Clarity about these matters should benefit not just philosophy of science, but also statistical practice. At best, the inductivist view has encouraged researchers to fit and compare models without checking them; at worst, theorists have actively discouraged practitioners from performing model checking because it does not fit into their framework.

Here’s the background:

For almost twenty years I’ve been annoyed at many Bayesians’ lack of interest in checking models, to the extent that some Bayesians even think they’re not really even really allowed to check the fit. I’ve been wanting to write a paper on the philosophy of statistics for a long time, focusing on my synthesis of Bayesian (by way of Box, Jaynes, and Rubin) and Popperian (by way of Lakatos) ideas, but I was never clear how to start.

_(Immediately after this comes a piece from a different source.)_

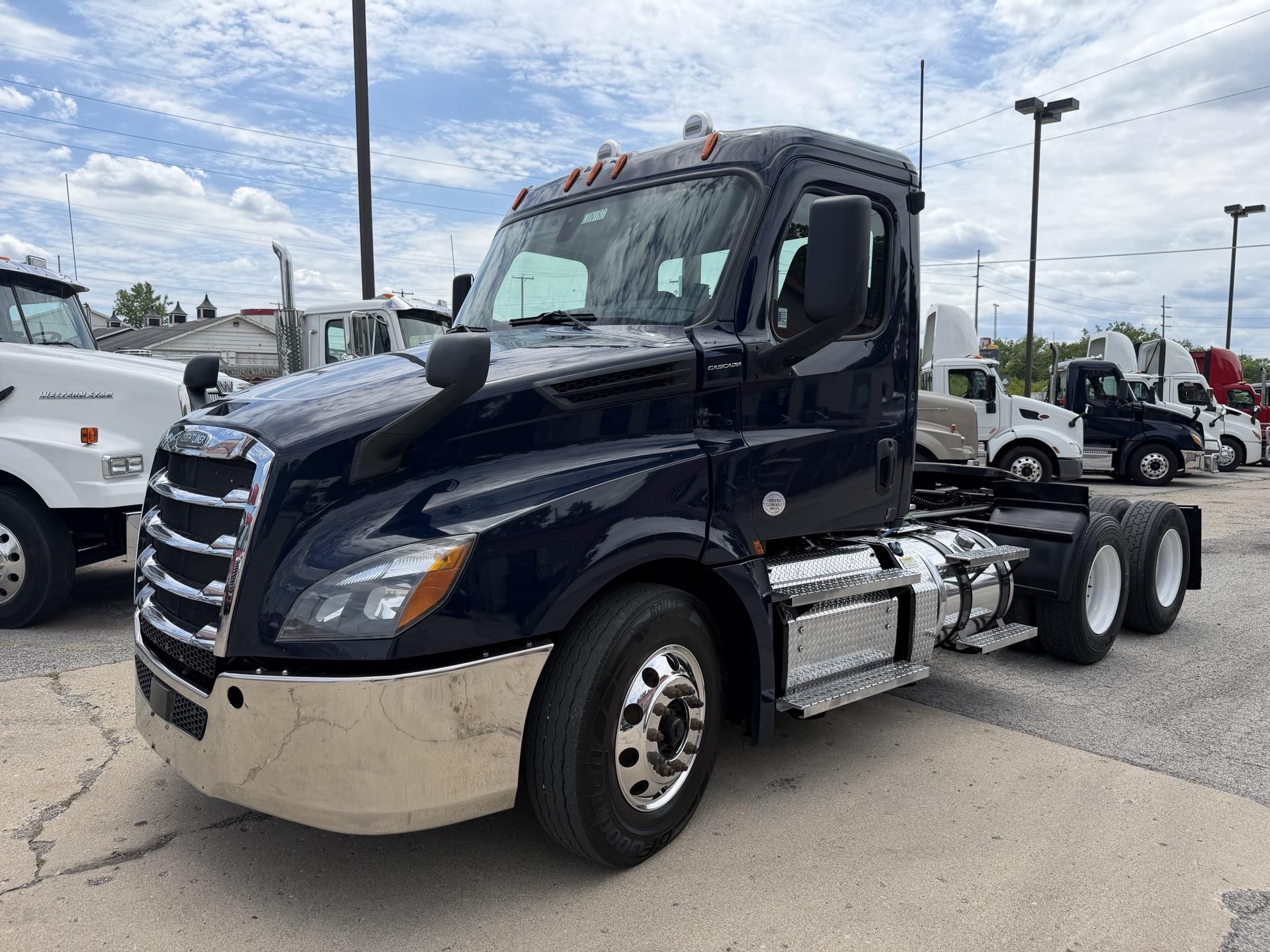 2020 Freightliner Cascadia 126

Then, about a year ago, someone named Harold Kincaid invited to contribute an article on Bayesian statistics for the Oxford Handbook of the Philosophy of the Social Sciences. Once I knew I was going to do this, I thought I should write this as a journal article and then have another version for the handbook.

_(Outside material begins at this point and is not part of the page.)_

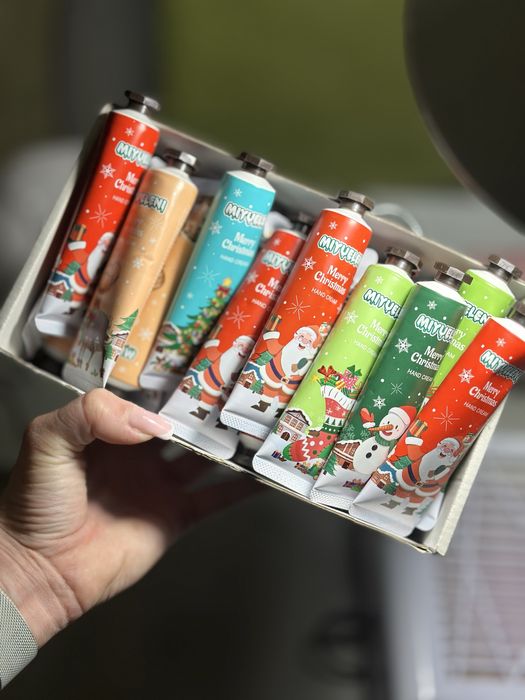 Коледни подаръчни кремове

The next step was to find a collaborator. I almost always need a collaborator. I thought of Cosma Shalizi, who seemed to know a lot more than I did about recent work in the philosophy of science (an area where my knowledge base stops around 1970). I called up Cosma and was pleasantly surprised that he said yes. I ‘m pretty sure he had a bunch of ideas of his own along similar lines, so it was a good chance to work together. A few months later, the article was done (and we submitted it to a journal). The article is much better than anything I could’ve written on my own.

I was in no hurry to blog this. I put the article on my website and Cosma posted it on Arxiv, and that seemed enough for now. But then Cosma up and posted something on his blog, so I thought I should follow suit. Despite my general reluctance to post good stuff on the weekend.

1 thought on “Philosophy and the practice of Bayesian statistics

  1. Thanks for posting this. I'm a little surprised not to see a reference to Dawid's Stat Sci article Probability, Causality and the Empirical
    World: A Bayes–de Finetti–Popper– Borel Synthesis (http://144.82.108.63/Stats/research/reports/psfiles/STS088.pdf), which seems to me very much along the same lines as the article posted here. Am I correct in thinking these two points of view are similar? If there is some critical difference between them, I'd be interested to hear it.